Swing Around the Sun - Barbara Juster Esbensen

POETRY
Illustrated by:
Cheng-Khee Chee (spring)
Janice Lee Porter (summer)
Mary GrandPre (fall)
Stephen Gammell (winter)
Carolrhoda Books, 2003 (original verse 1965)
48 pgs.
Endpapers: orange

Enjoy beautiful art from four very different illustrators while traveling through the seasons with twenty of Esbensen's (1925-1996) poems that include:

Storm

Day is Night!
The world is black;
The thunder snaps
With a splitting crack!

Beaks of lightning
Rip the air
And willows swing
Their streaming hair.

Threads of rain
Bind earth to sky;
The gutter’s torrent
Rushes by.

No house has shape,
No tree has form;
The town is lost
In summer storm!

Discovery

Within its polished universe
The apple holds a star,
A secret constellation
To scatter near and far.

Let a knife discover
Where the five points hide;
Split the shining ruby
And find the star inside!

Fireworks

The sky’s a fiery garden
That scatters in the breeze,
Vying with the fireflies
Glowing in the trees.

Spangling the darkness,
Velvety and deep,
The last exploding starfall
Crumbles into sleep.

Saturday, September 20, 2008

A Kitten Tale - Eric Rohmann

For: Very young kids
Published: 2008
Rating: 4,5/5
Read: September 13, 2008
Endpapers: Happy yellow
THE POWER OF POSITIVE THINKING!!

If I were not reading picture books that have gotten starred reviews, anticipating the Caldecott Award in January, I would never have picked this book up. It was a pleasant surprise, but I guess it shouldn't have been.

Simple, simple, simple -- but wonderful. Three of four kittens were dreading the arrival of snow - afraid of the unknown. But the fourth kitten could't wait. Through summer rains and falling autumn leaves they wait, three dreading, one anticipating. And then, one winter morning, they awaken to snow.....and we see a wonderful, two-page wordless illustration of three of the kittens, paws to the window glass, watching the snow come down. I'd love to frame that illustration. They go outside to join the already frolicking fourth kitten, finding their months of dread have been for no reason at all.
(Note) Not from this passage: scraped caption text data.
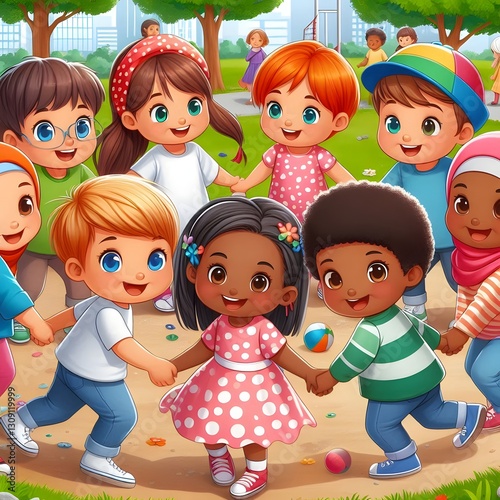 children playing in the park
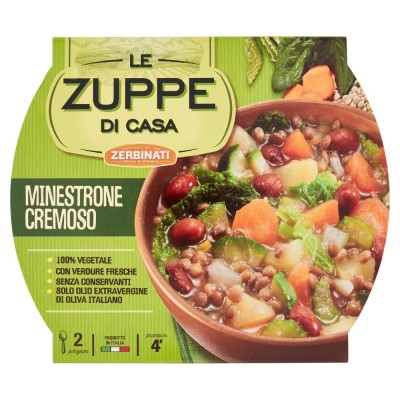 Zuppa Minestrone Cremoso Zerbinati - 620 g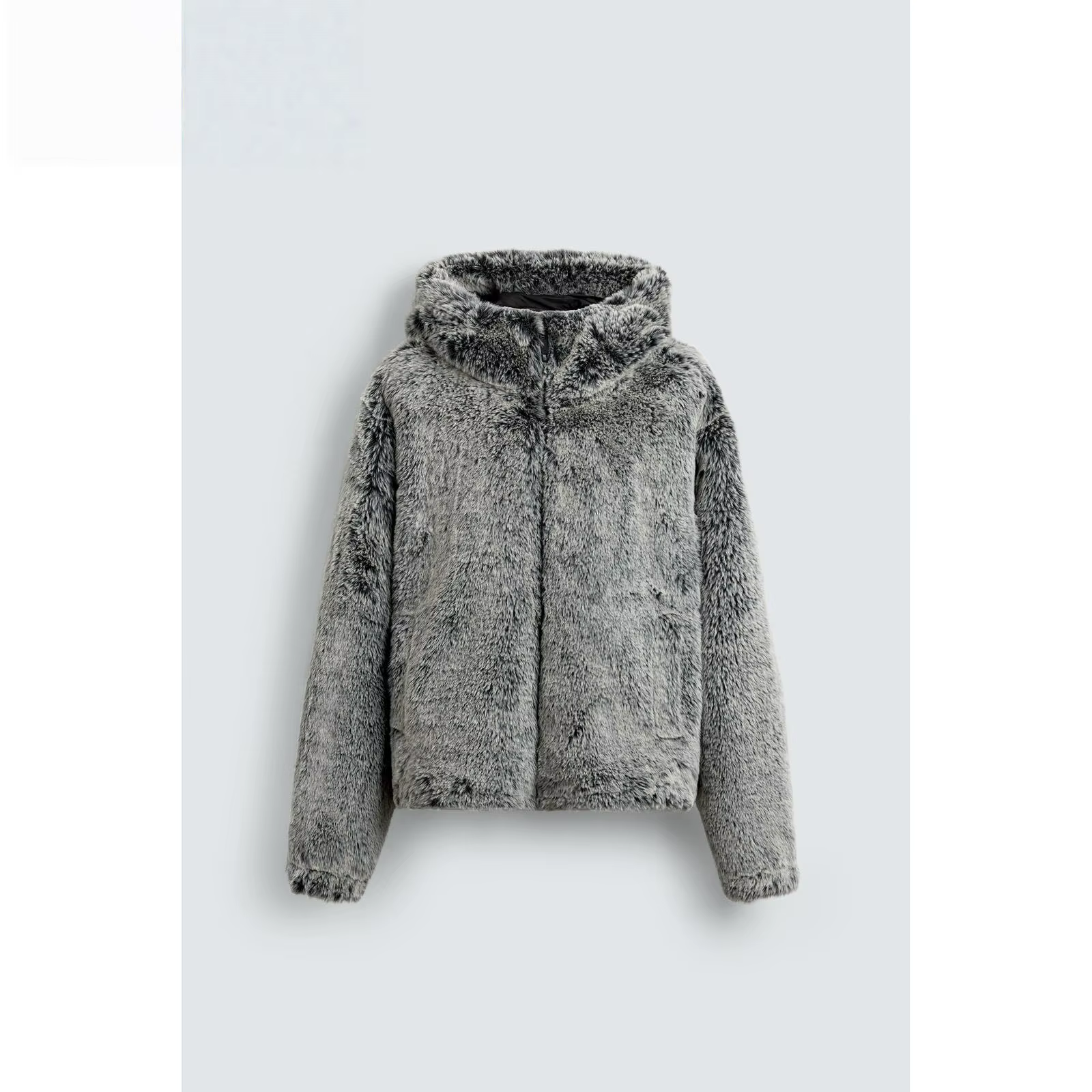 Manteau de luxe en fausse fourrure pour hommes, veste chaude d'hiver à capuche coupe-vent, Parkas th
Thick black-lined framed illustrations, with the major items outlined in the same black, the color is added using watercolors.

Simple repetition. Simple story. Simple paintings. Simply lovely.

Tuesday, September 16, 2008

Old Bear - Kevin Henkes

For: Very young kids
Published: 2008
Rating: 4.5/5
Read: Sept. 13, 2008
Endpapers: Brown on brown leaves in the front and purple on lilac flowers in the back.

Thick lines frame each illustrations, which sit on pages of creamy ivory.

As an old brown bear hibernates in the winter, he dreams of his childhood in spring, summer, fall, and then winter. Each of his dreams are drawn in different color schemes. The winter dream is done mostly in blues with sparkling colors surrounding the sun in the sky. It's really pretty. And when Old Bear awakens from his sleep, he walks out of his cave into the scene from his spring dream, now real.